Indeed, in the immigration plan outlined on Cruz’s campaign website, there is no mention of legalization for those currently in the country illegally. To the contrary, the plan states Cruz’s commitment to “[r]estore our commitment to enforcement and public safety and the Rule of Law by rededicating DHS [Department of Homeland Security] to fully enforcing the law, including through deportations and returns.”
In an interview after the debate, CNN’s Jake Tapper again asked what Cruz would do with those currently living in the country illegally.
“I would enforce the law,” Cruz said, stopping short of endorsing plans like Trump’s to deport all people living in the country illegally. “And existing law provides what you do. You start by securing the borders, so you’re not — if you have a sinking ship, the first thing you do is fill the hole so that you don’t have people coming back in. The second thing you do is you start deporting illegal, criminal illegal aliens.”

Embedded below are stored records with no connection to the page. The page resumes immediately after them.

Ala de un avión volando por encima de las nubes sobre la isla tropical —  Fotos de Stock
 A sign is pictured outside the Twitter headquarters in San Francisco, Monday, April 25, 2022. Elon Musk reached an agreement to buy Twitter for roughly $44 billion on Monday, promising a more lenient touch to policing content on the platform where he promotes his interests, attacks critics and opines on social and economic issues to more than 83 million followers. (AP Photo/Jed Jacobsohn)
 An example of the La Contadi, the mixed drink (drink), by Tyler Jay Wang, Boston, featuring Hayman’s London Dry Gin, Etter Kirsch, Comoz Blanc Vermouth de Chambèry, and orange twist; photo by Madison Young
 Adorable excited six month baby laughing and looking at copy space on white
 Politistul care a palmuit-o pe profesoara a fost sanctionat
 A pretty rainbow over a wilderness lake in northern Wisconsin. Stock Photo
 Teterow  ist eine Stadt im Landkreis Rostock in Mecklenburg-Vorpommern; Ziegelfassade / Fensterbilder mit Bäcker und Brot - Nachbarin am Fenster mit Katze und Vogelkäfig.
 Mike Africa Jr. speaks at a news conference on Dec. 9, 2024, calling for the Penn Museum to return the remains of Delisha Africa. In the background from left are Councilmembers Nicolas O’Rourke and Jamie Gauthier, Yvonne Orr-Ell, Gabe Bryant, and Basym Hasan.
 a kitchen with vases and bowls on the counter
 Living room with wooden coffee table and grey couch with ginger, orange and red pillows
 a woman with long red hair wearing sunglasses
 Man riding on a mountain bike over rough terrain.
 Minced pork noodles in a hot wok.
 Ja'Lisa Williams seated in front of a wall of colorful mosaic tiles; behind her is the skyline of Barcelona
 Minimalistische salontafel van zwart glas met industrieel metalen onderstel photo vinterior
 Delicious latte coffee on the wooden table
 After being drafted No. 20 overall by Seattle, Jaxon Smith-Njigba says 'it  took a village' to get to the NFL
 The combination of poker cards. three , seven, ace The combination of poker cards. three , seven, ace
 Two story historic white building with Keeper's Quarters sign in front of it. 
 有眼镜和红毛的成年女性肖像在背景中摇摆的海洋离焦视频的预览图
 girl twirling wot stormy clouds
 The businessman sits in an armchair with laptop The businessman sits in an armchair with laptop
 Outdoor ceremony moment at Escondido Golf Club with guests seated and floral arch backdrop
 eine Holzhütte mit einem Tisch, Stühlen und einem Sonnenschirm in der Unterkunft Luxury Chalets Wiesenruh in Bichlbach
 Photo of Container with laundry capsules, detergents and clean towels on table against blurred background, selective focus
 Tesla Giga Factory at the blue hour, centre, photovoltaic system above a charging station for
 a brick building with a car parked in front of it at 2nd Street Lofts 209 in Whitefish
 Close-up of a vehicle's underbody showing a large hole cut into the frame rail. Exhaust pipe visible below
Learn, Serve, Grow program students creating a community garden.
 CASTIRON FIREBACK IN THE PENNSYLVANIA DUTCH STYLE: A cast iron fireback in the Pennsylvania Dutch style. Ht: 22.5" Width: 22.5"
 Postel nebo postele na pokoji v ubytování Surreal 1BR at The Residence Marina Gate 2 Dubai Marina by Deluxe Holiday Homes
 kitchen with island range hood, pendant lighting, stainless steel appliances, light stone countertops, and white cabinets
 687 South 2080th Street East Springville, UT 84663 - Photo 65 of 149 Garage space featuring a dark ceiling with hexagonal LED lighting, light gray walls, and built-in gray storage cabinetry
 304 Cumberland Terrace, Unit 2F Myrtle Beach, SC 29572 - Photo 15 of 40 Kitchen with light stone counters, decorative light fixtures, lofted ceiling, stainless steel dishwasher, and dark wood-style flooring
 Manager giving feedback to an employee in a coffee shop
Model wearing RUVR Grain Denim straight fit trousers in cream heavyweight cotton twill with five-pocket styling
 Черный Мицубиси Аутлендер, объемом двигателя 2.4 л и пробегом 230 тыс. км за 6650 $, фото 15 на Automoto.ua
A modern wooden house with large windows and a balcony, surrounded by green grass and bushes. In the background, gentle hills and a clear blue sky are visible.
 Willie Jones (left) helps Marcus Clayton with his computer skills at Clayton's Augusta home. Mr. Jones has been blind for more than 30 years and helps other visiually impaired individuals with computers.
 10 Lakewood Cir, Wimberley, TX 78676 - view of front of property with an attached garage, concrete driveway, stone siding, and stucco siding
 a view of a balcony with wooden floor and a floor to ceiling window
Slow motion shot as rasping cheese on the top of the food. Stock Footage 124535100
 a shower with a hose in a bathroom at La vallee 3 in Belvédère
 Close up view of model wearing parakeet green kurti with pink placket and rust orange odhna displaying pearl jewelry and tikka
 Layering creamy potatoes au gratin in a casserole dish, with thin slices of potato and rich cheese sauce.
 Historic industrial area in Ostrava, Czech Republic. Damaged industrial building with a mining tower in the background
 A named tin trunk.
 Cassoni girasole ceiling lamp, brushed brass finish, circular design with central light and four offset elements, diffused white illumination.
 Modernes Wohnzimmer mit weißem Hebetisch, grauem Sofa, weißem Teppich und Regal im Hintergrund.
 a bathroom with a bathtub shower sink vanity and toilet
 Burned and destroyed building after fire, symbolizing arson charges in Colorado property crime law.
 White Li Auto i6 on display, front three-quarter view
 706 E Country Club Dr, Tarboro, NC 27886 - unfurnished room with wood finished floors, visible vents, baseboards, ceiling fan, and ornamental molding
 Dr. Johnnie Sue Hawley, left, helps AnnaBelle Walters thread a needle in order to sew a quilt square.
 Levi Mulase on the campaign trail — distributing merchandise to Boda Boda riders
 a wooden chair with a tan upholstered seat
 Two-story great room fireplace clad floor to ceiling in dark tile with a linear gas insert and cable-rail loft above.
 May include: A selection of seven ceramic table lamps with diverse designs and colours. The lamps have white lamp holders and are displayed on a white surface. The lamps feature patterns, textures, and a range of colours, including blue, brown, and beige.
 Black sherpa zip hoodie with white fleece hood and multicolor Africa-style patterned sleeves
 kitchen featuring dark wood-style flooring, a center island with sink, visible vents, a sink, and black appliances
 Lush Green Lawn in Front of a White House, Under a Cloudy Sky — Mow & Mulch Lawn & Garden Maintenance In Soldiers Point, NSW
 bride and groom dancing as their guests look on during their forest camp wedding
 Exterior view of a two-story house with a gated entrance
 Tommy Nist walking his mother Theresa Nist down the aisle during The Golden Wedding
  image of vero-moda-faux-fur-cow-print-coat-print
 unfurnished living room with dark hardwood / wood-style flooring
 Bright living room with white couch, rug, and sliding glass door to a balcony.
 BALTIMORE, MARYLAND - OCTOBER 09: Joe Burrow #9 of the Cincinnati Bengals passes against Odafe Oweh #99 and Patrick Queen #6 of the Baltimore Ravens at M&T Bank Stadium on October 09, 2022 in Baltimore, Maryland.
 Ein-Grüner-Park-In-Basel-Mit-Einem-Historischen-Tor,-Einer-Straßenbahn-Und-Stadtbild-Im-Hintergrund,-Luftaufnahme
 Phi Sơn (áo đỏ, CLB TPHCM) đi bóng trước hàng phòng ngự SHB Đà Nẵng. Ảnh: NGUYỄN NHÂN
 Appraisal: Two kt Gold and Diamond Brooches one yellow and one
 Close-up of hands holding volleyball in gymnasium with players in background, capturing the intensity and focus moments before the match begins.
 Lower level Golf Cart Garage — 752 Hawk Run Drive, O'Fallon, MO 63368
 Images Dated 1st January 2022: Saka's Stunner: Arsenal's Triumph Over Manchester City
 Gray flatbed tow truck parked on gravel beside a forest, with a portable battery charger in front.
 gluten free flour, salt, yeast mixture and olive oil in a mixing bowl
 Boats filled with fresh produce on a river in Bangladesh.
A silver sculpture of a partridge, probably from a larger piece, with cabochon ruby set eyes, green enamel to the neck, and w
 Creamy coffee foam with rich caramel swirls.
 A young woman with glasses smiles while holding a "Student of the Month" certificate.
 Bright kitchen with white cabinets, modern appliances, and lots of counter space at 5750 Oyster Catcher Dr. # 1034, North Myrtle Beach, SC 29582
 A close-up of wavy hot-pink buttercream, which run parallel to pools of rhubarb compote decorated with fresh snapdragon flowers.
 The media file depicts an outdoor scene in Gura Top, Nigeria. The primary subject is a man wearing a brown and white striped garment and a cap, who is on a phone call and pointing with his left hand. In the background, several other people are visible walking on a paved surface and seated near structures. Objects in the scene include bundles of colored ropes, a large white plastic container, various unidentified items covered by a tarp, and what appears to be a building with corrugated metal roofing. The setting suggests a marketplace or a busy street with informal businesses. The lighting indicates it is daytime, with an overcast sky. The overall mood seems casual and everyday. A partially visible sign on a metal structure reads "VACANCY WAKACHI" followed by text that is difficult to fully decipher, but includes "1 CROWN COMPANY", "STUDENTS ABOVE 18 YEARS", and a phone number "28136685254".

Cruz has certainly been consistent in his opposition to a path to citizenship for those now living in the country illegally. And he now says definitely that he also would not support legalization of those immigrants. And as we said earlier, we’ll leave it up to you to decide if he once supported legalization as a political compromise, and now disavows it, or if he was merely employing a legislative ploy to expose the motivations of his opponents.